▶ SOURCE INFORMATION

###

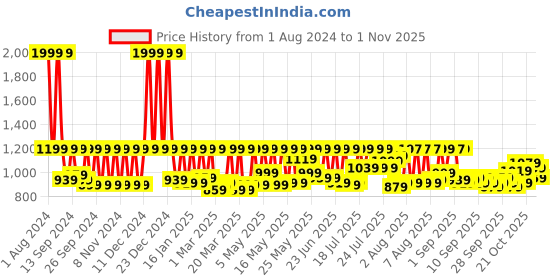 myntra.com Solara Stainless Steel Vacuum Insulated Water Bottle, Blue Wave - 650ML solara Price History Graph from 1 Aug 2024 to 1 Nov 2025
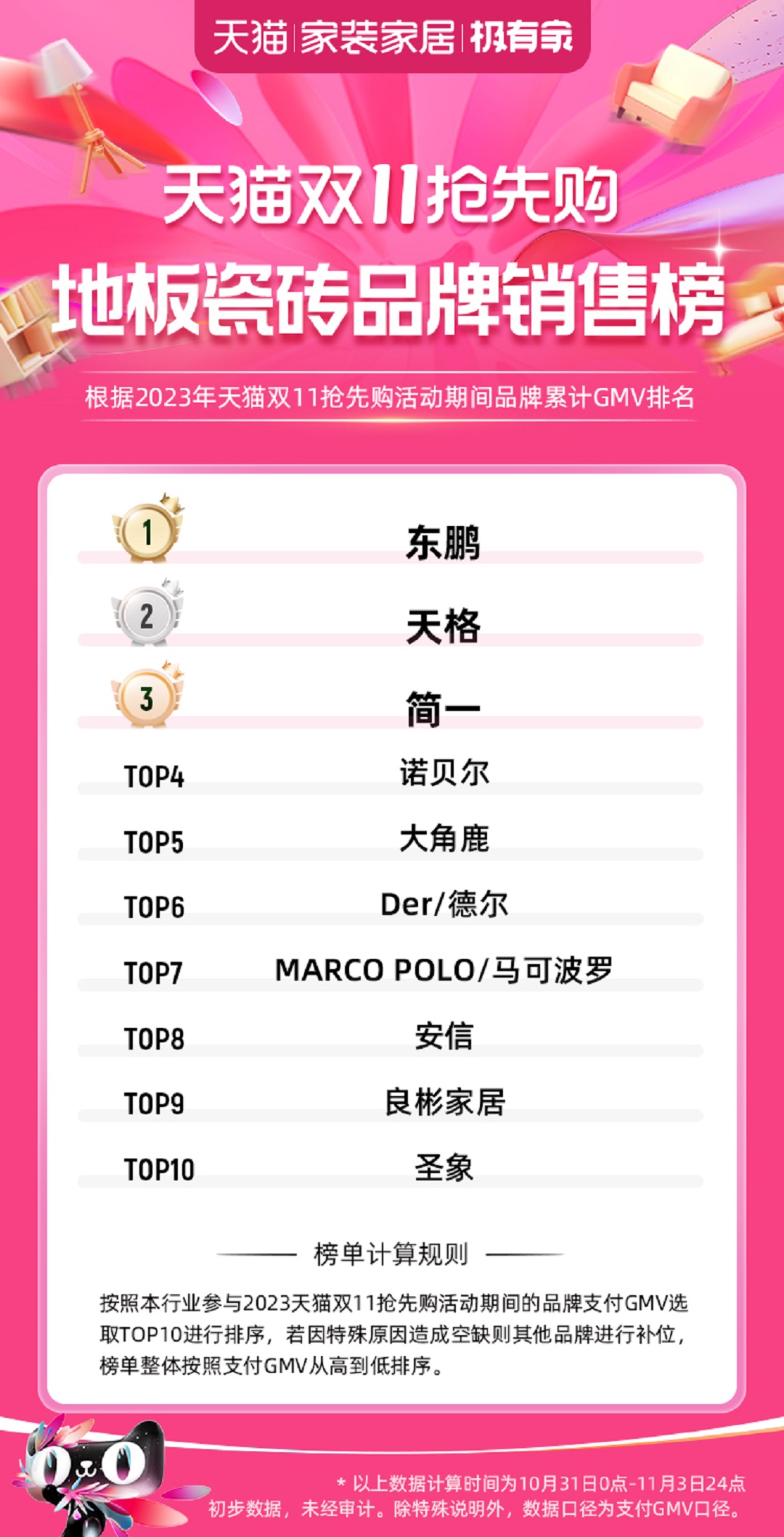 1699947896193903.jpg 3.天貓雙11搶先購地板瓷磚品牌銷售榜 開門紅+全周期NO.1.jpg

###

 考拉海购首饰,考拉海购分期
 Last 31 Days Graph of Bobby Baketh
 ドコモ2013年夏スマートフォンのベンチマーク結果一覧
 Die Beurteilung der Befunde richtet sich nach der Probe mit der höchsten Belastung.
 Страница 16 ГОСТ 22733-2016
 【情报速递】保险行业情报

###

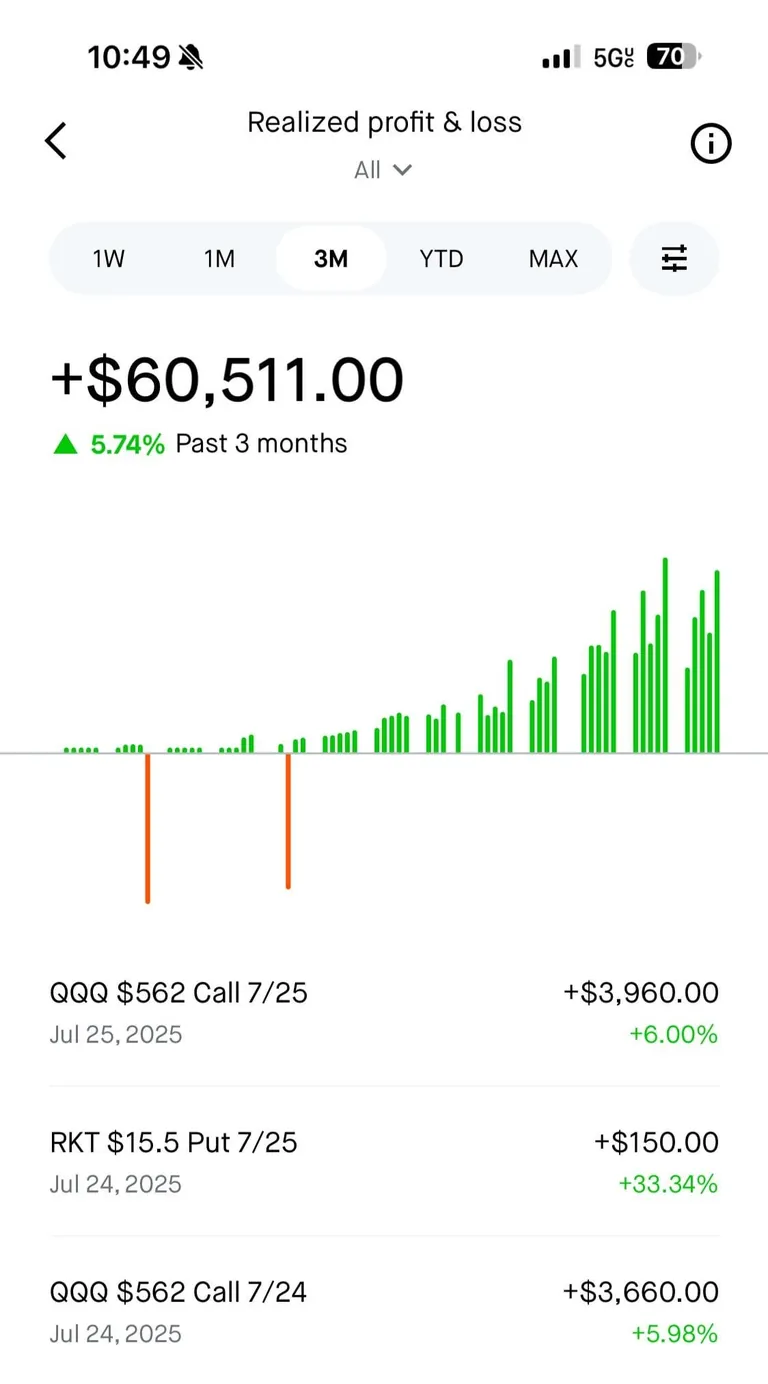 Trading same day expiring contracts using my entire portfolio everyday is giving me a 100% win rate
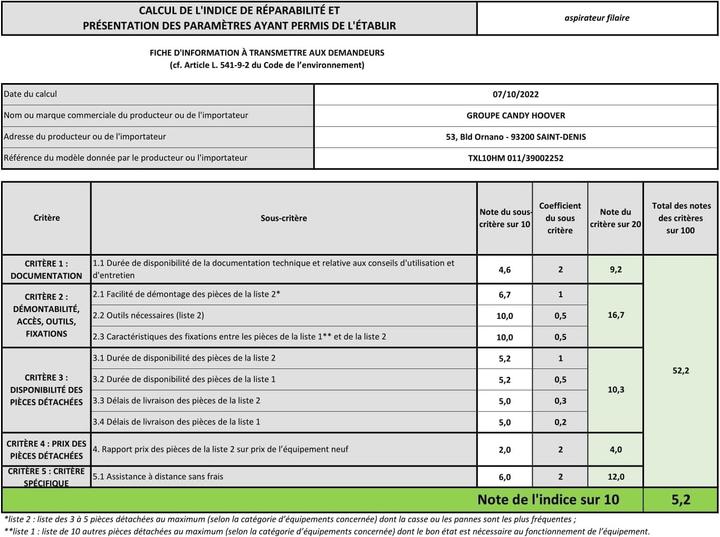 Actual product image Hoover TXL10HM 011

###

▶ DESCRIPTION OF THE TASK
Going by the entries above, repeat exactly the lines that start at the line with "myntra.com Solara Stainless" and go on through the line with "1699947896193903.jpg 3.天貓雙11搶先購地板瓷磚品牌銷售榜 開門紅+全周期NO.1.jpg". Pictures are not part of the copy.

▶ WRITTEN SOLUTION
 myntra.com Solara Stainless Steel Vacuum Insulated Water Bottle, Blue Wave - 650ML solara Price History Graph from 1 Aug 2024 to 1 Nov 2025
 1699947896193903.jpg 3.天貓雙11搶先購地板瓷磚品牌銷售榜 開門紅+全周期NO.1.jpg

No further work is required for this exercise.